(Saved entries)
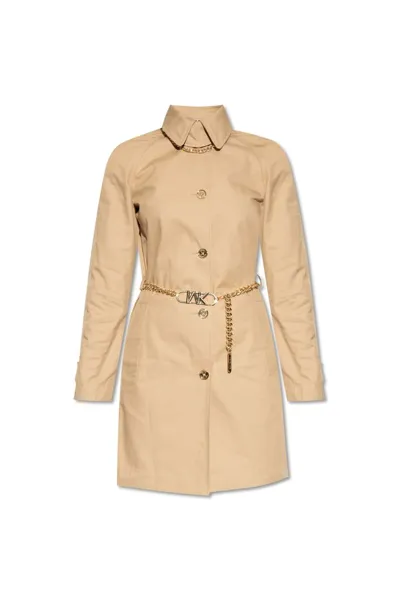 Michael Kors Chain-belt Trench Coat In Beige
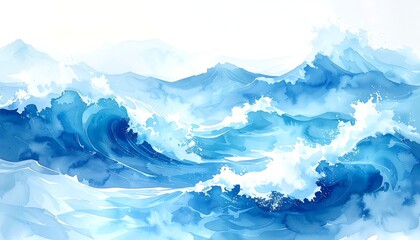 Watercolor rendering of ocean waves, a dynamic display of marine movement, and splashes. Blue shades dominate, highlighting the power of the sea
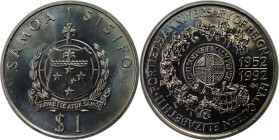 Weltmünzen und Medaillen, Western Samoa. 40. Jahrestag - Regierungszeit von Königin Elizabeth II. 1 Tala 1992, Kupfer-Nickel. KM 88. Stempelglanz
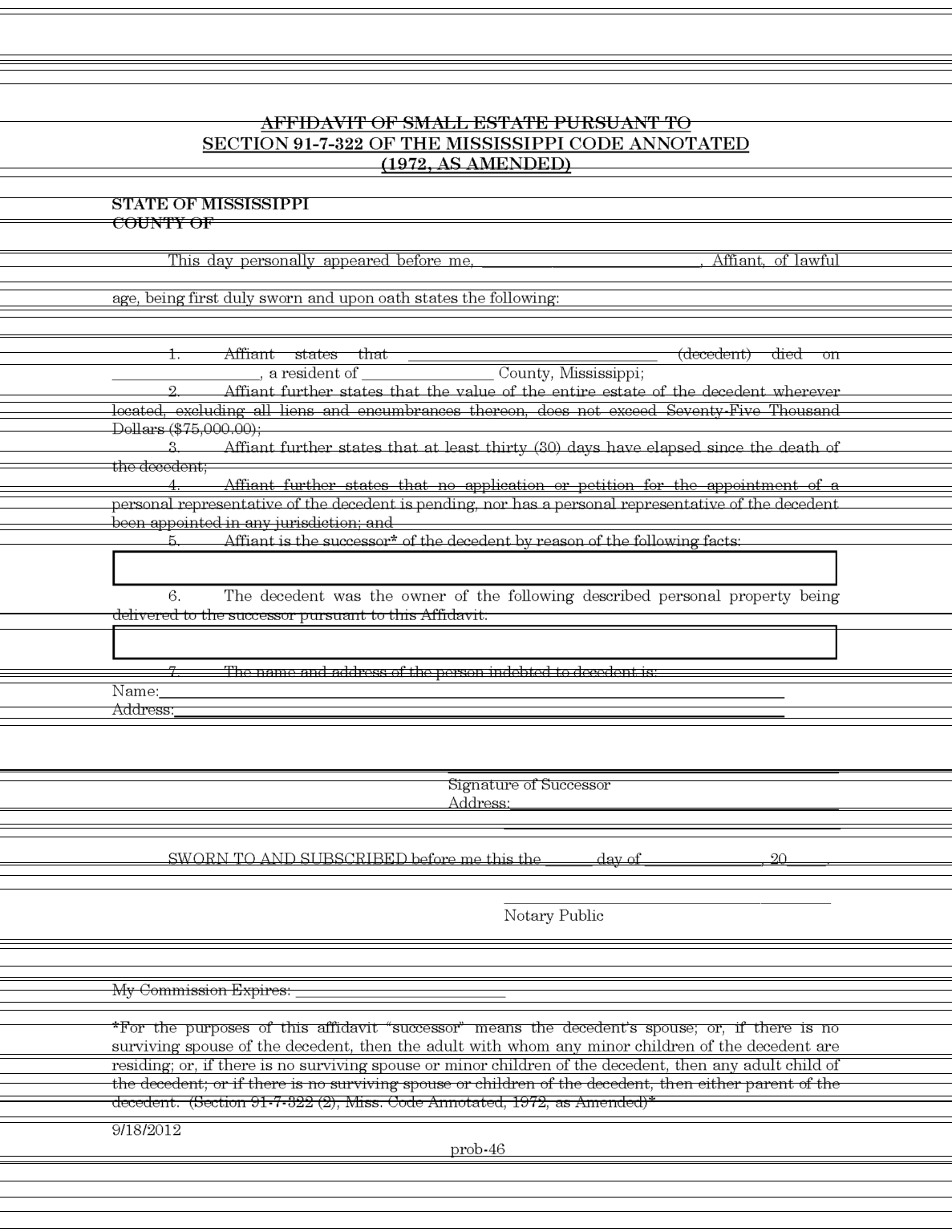 Free Mississippi Small Estate Affidavit Form PDF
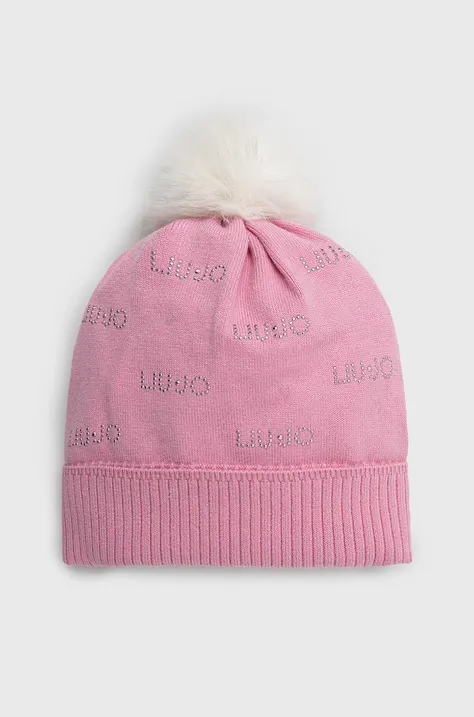 Liu Jo czapka kolor różowy z cienkiej dzianiny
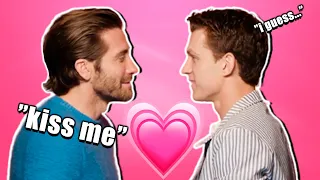 tom holland and jake gyllenhaal flirting for 6 minutes straight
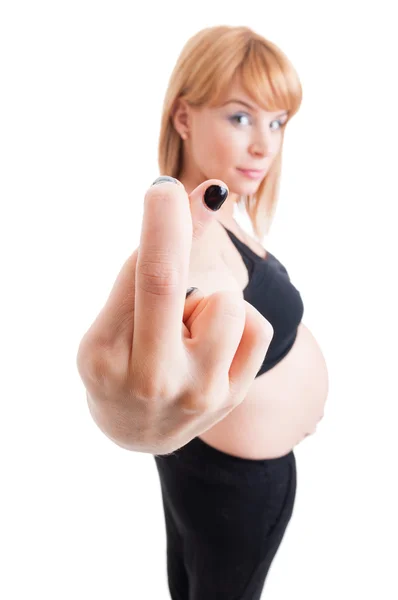 Mujer embarazada joven mostrando señal de buena suerte — Foto de Stock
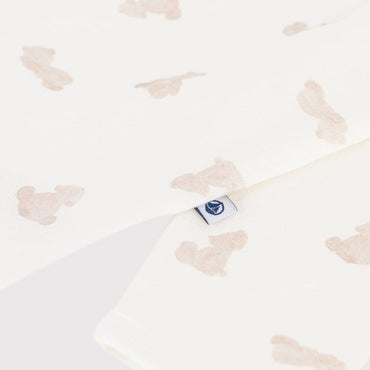 Petit Bateau Pyjama Zonder Voetjes Beertjes White/Brown Uniseks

TASK INSTRUCTIONS: All that belongs in the answer is the lines from the line with "Mujer embarazada joven" through the closing line of the entries, inclusive, transcribed exactly and free of pictures.

EXERCISE RESPONSE:
 Mujer embarazada joven mostrando señal de buena suerte — Foto de Stock
 Petit Bateau Pyjama Zonder Voetjes Beertjes White/Brown Uniseks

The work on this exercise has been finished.